Mas para minha decepção, o que se passava no alto da íngreme serra barriguda não fugia muito de uma grande festa temática ou um “showmício”. Já no pé da Serra, nos deparamos com um grande outdoor com uma foto de Zumbi ao lado de um político da direita tradicional e coronelista da região. Político cujos cabos eleitorais distribuíam santinhos a todos e todas que adentravam o espaço que um dia foi o Mocambo do Macaco, antigo centro político do quilombo.

No palco, montado no meio de uma praça, algumas curtas apresentações de capoeira, batuques e danças. Em seguida, passou a ser executadas músicas carnavalescas de micaretas. Os políticos tradicionais do estado passeavam e acenavam para a população como celebridades. Tiravam fotos, fingiam certo requebrado ao som do berimbau e, pasmem, furavam a fila pra comprar acarajé!

Na melhor localização da Serra, foi construído um restaurante muito confortável a preços nada populares, onde estavam o Secretário de Cultura do estado, dois ex-prefeitos de Maceió, políticos do município de União dos Palmares, turistas europeus, e a pequena burguesia excêntrica alagoana. Infelizmente todos os pais e mães de santo e jogadores de búzios estavam “aprisionados” nesse restaurante, compartilhando sua cultura única e exclusivamente com os de cabelos loiros e claros olhos que possuíam dinheiro e prestígio.

Para estes últimos também foi reservada, no que um dia foi o maior símbolo da resistência negra no país, uma área VIP. Área VIP para políticos, ricos e brancos, na Serra da Barriga!

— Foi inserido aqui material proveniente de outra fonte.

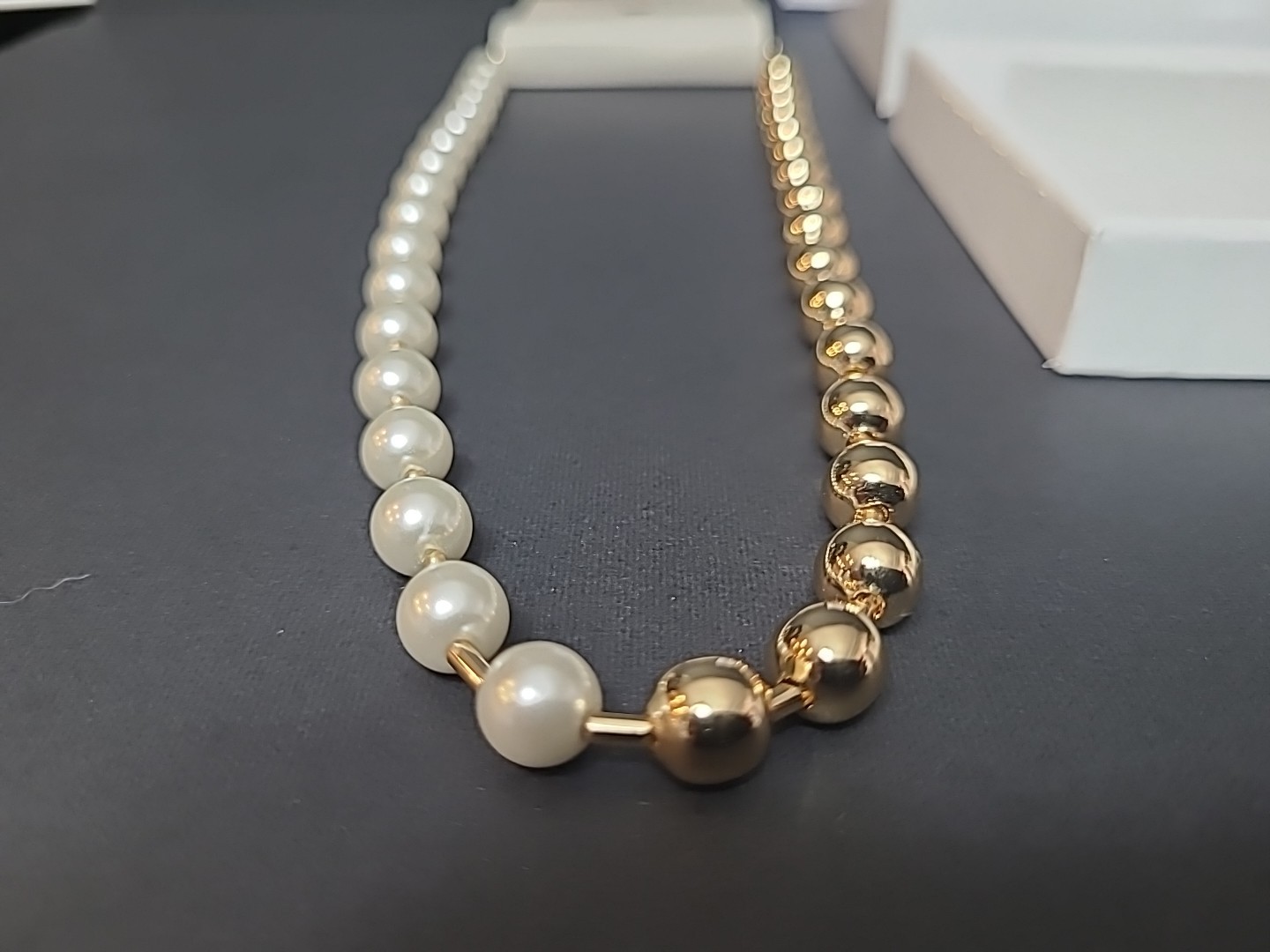On 34th Gold-Tone Bead & Imitation Pearl Collar Necklace, 16″ + 2″ IN A GIFT 🎁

Chega a ser ofensivo!

A moça que impediu nossa entrada nesse espaço não sabia nada sobre a história do prédio que eles escolheram para reservar.

Se nunca tivesse ouvido falar do que foi o Quilombo dos Palmares, sairia da Serra da Barriga achando que fui numa micareta. O povo negro que lá estava em massa, genuinamente atrás de suas raízes, ficou preso numa cortina de fumaça de estereótipos distorcidos, lembrancinhas com a cara de Zumbi, e políticos ocupando os melhores espaços – as áreas VIP´s.

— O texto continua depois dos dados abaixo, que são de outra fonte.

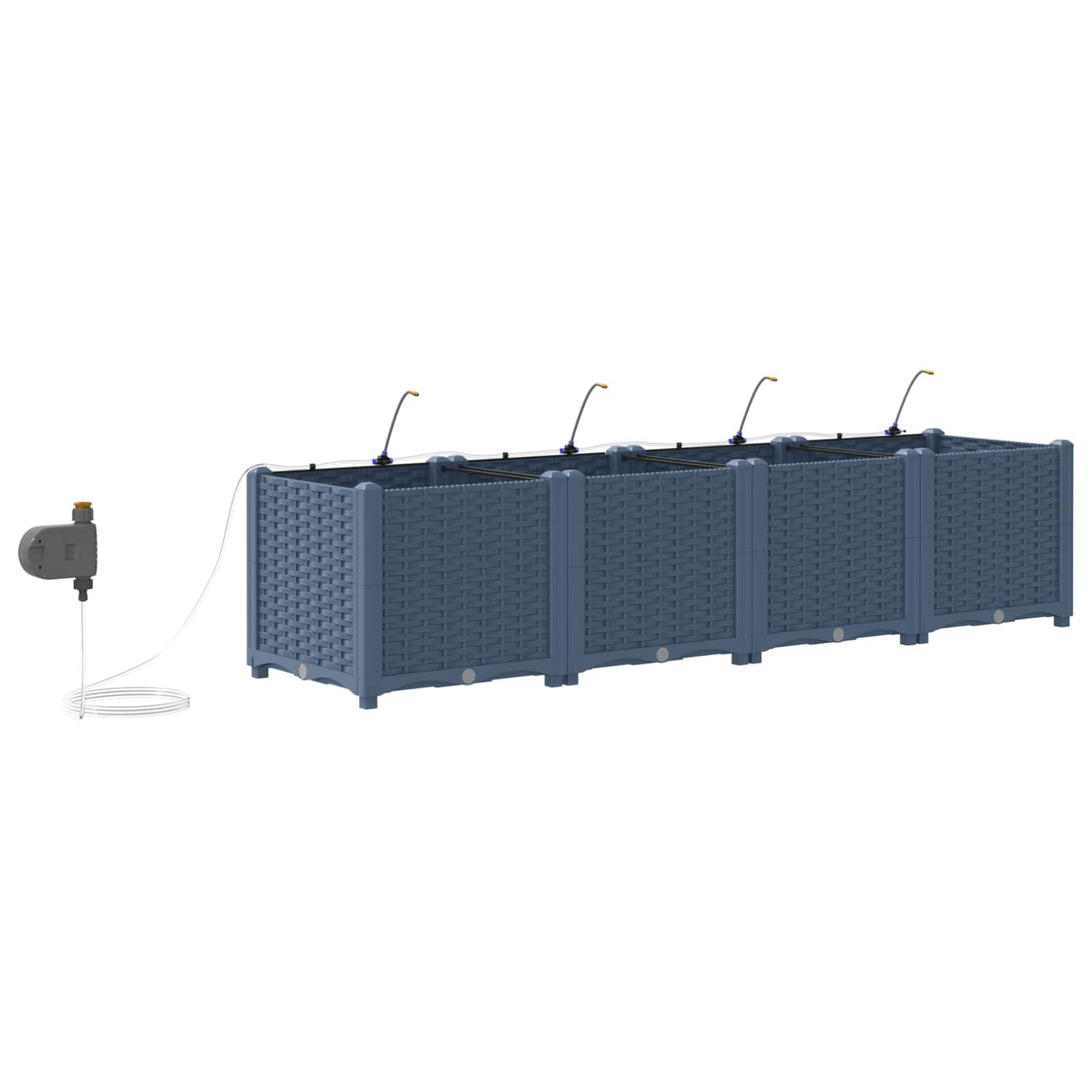 Garden Planter 4 pcs Grey 160 x 40 x 37.5 cm PP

É nefasto como os governos da burguesia retiram do proletariado até sua identidade mais intrínseca e clara. A história do Quilombo é a história do povo negro e pobre que refez, no dia 20 de novembro de 2011, a trilha íngreme e tortuosa da alta Serra da Barriga. É a raiz e berço de todos nós. Porém, toda e qualquer referência verdadeira do que foi o processo de resistência de Palmares é completamente esvaziado.

Zumbi virou estampa de camiseta – assim como Che Guevara – broches, marca de Cachaça e cabo eleitoral de político coronel da direita tradicional, Todos descendente todos políticos de Domingos Jorge Velho, bandeirante paulista que destruiu Palmares.

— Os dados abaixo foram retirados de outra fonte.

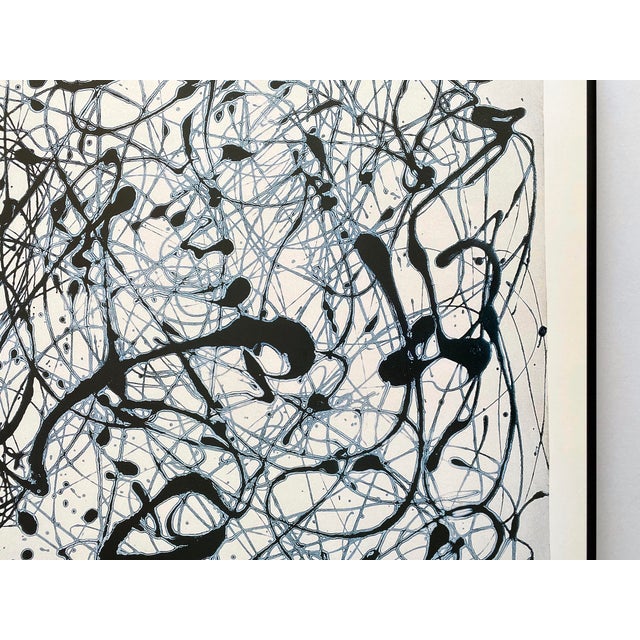 Jackson Pollock Vintage 1998 Abstract Expressionist Lithograph Print Framed Modernist Exhibition Poster " Number 14 : Gray " 1948 For Sale - Image 13 of 17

A omissão e o descaso dos governos federal e de Alagoas com esse tesouro histórico que possuímos na cidade de União dos Palmares não acontece por acaso. Trata-se de uma decisão consciente e voluntária. Eles sabem que lembrar o povo massacrado por anos e anos de coronelismo político e econômico, subemprego, trabalho semi-escravo, péssimas ou nenhuma condição de vida e sobrevivência, do verdadeiro significado do Quilombo dos Palmares e Zumbi é por demais perigosos, pois como sabemos “o exemplo arrasta” e novos Quilombos podem surgir!